▶ Provided records:
--------------------------------------------------
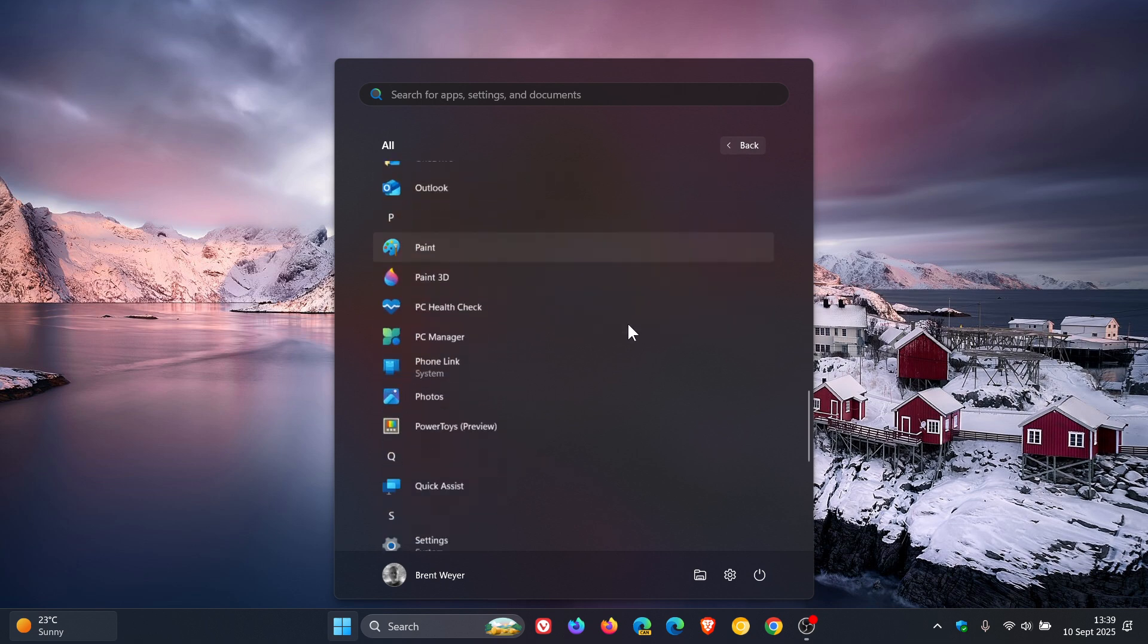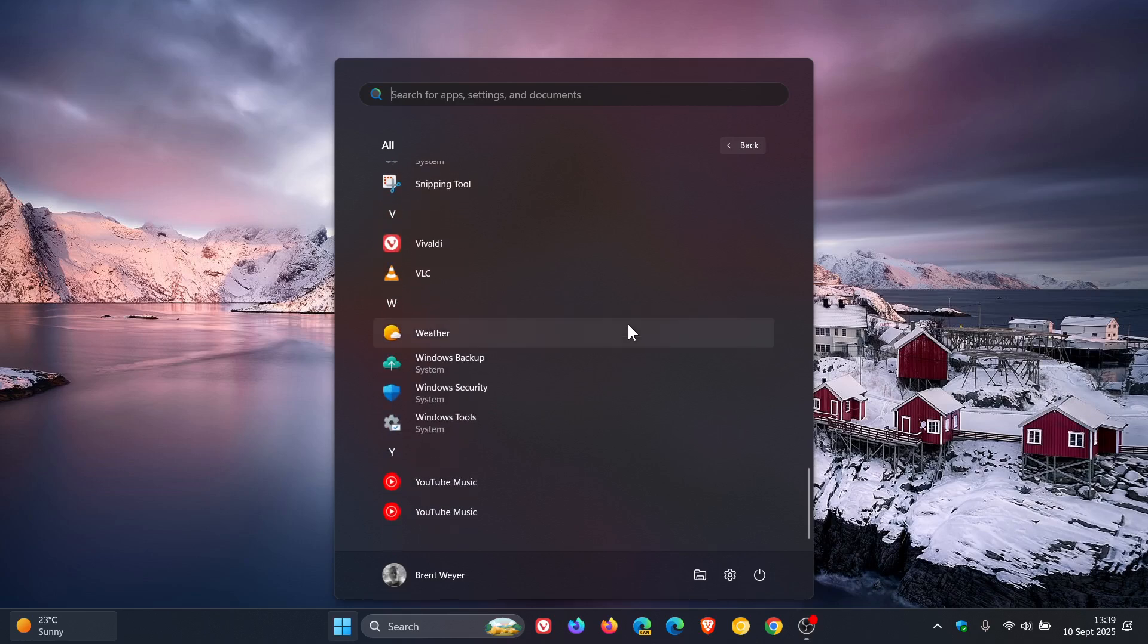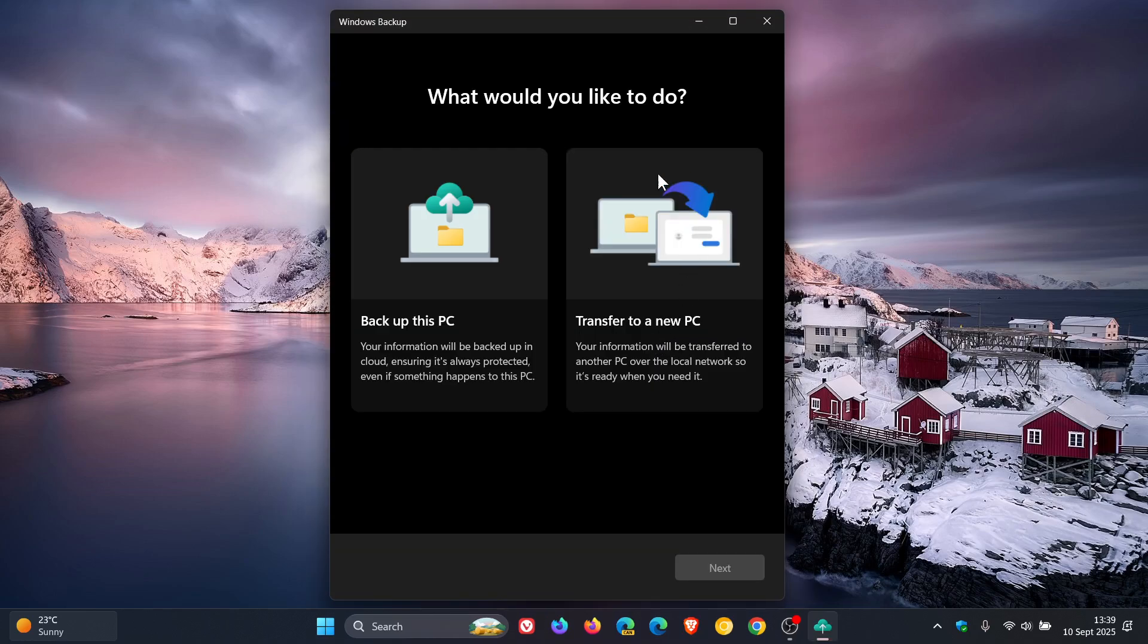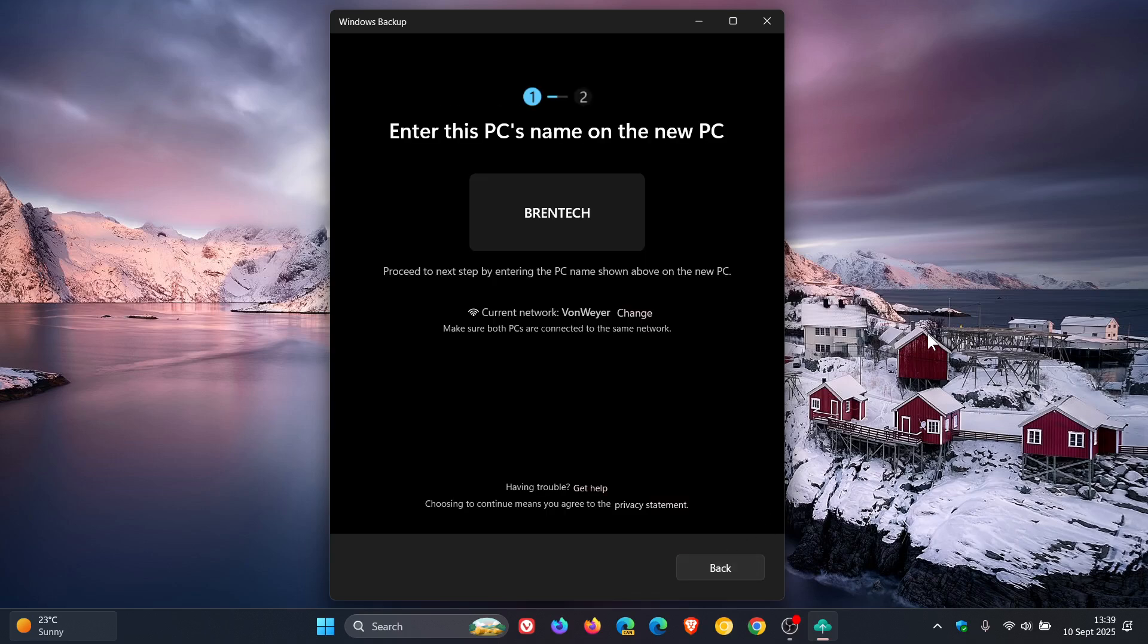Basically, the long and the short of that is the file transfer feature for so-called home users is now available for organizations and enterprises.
--------------------------------------------------
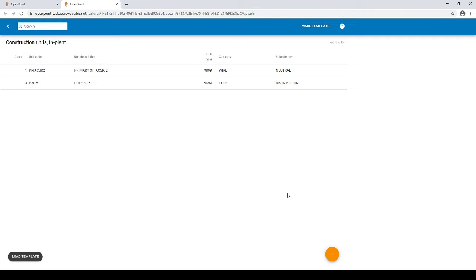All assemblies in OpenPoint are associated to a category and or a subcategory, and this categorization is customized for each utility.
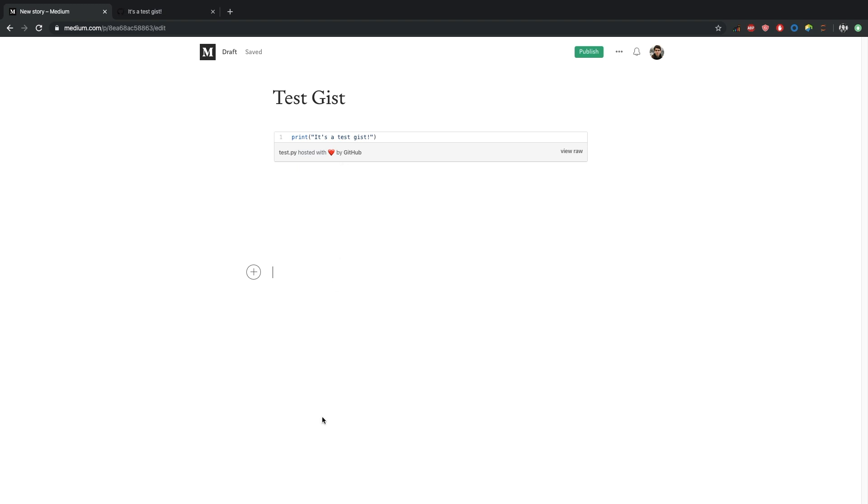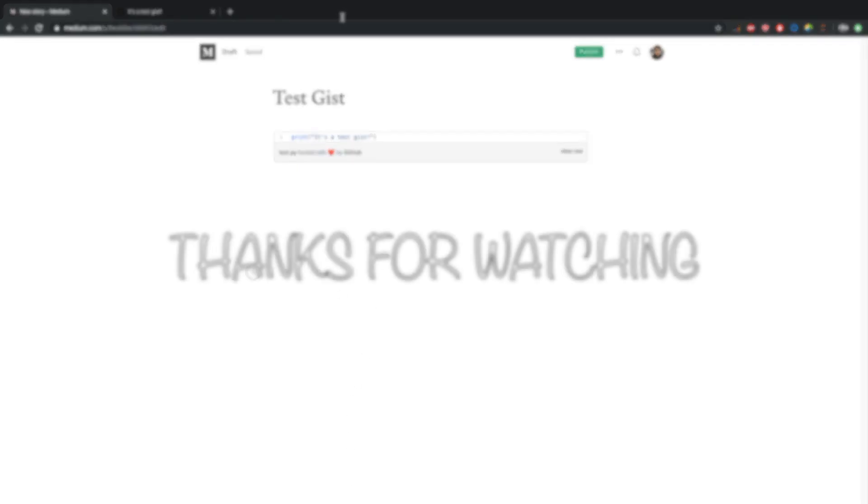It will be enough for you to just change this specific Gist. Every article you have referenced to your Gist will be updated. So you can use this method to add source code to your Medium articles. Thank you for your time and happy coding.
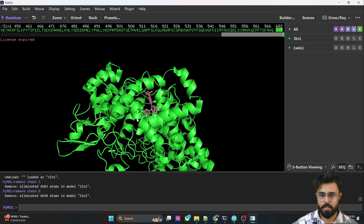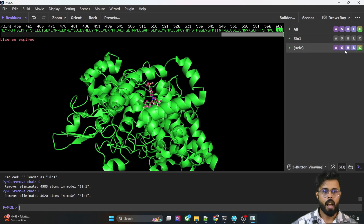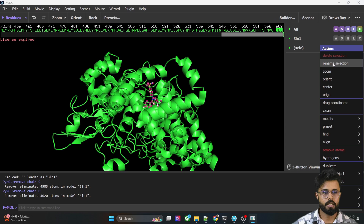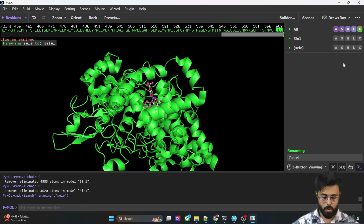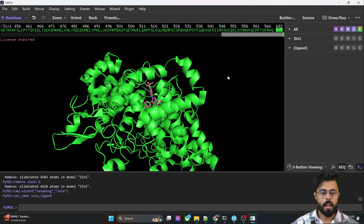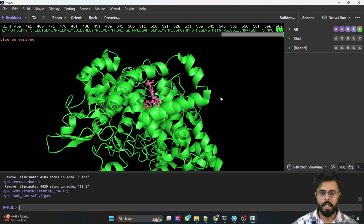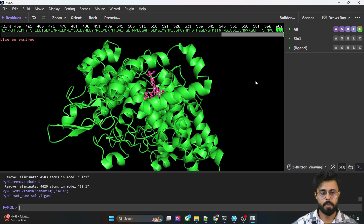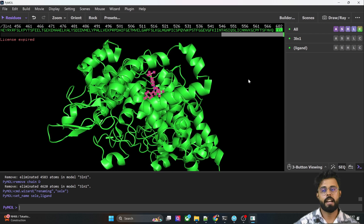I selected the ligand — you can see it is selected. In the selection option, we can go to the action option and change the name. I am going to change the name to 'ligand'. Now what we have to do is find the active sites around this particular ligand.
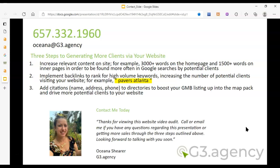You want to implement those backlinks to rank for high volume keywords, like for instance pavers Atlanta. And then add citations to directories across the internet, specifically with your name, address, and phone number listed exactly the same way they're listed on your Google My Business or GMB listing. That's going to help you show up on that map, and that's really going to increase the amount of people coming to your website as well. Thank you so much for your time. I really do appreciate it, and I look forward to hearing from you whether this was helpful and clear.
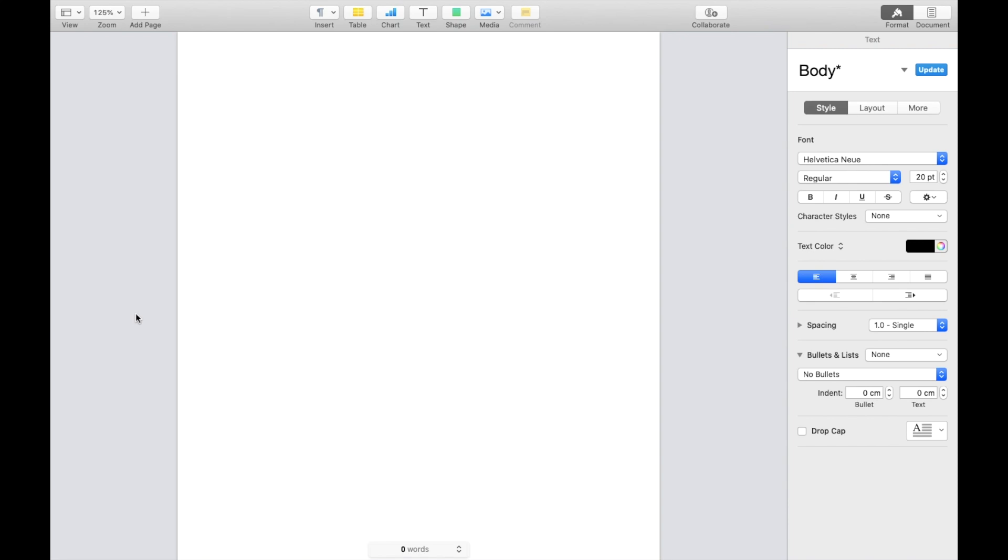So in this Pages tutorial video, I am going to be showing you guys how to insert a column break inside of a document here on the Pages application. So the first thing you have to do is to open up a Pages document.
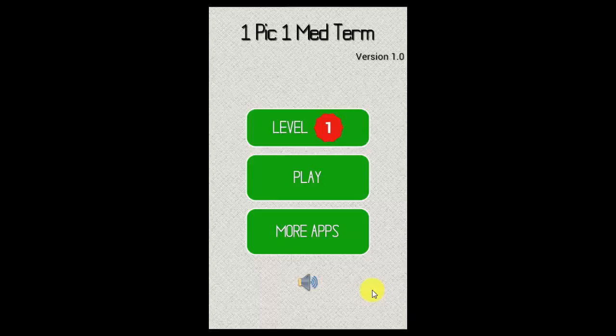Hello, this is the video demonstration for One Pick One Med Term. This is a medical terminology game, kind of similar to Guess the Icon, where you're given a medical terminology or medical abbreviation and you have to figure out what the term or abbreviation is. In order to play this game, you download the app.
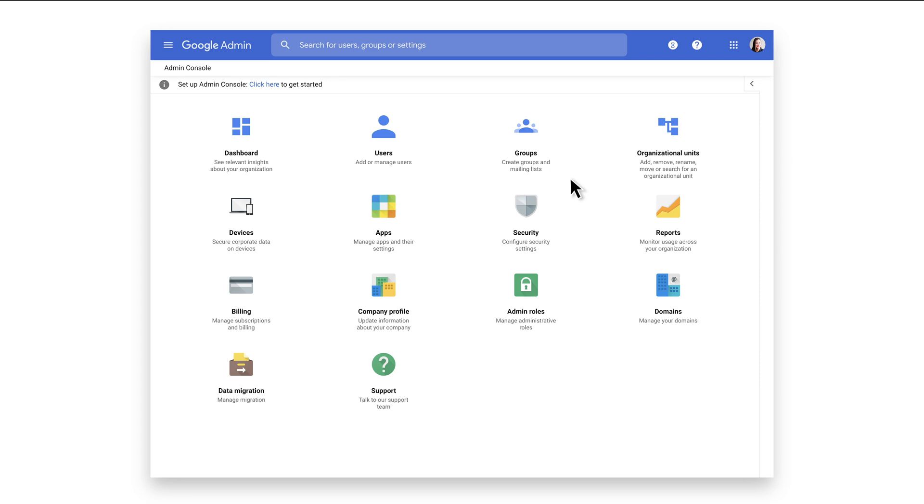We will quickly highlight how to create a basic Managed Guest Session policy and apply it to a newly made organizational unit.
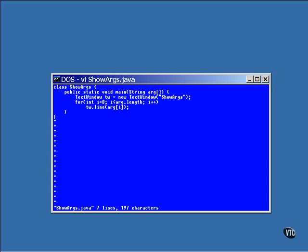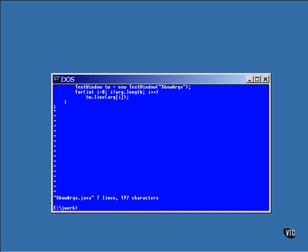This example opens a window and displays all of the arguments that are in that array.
--------------------------------------------------
▶ Required work:
Above are records; write out the lines from the one with "You want to" down to the one with "This example opens", exactly, leaving the pictures out.

▶ Task answer:
You want to implement those backlinks to rank for high volume keywords, like for instance pavers Atlanta. And then add citations to directories across the internet, specifically with your name, address, and phone number listed exactly the same way they're listed on your Google My Business or GMB listing. That's going to help you show up on that map, and that's really going to increase the amount of people coming to your website as well. Thank you so much for your time. I really do appreciate it, and I look forward to hearing from you whether this was helpful and clear.
So in this Pages tutorial video, I am going to be showing you guys how to insert a column break inside of a document here on the Pages application. So the first thing you have to do is to open up a Pages document.
Hello, this is the video demonstration for One Pick One Med Term. This is a medical terminology game, kind of similar to Guess the Icon, where you're given a medical terminology or medical abbreviation and you have to figure out what the term or abbreviation is. In order to play this game, you download the app.
We will quickly highlight how to create a basic Managed Guest Session policy and apply it to a newly made organizational unit.
This example opens a window and displays all of the arguments that are in that array.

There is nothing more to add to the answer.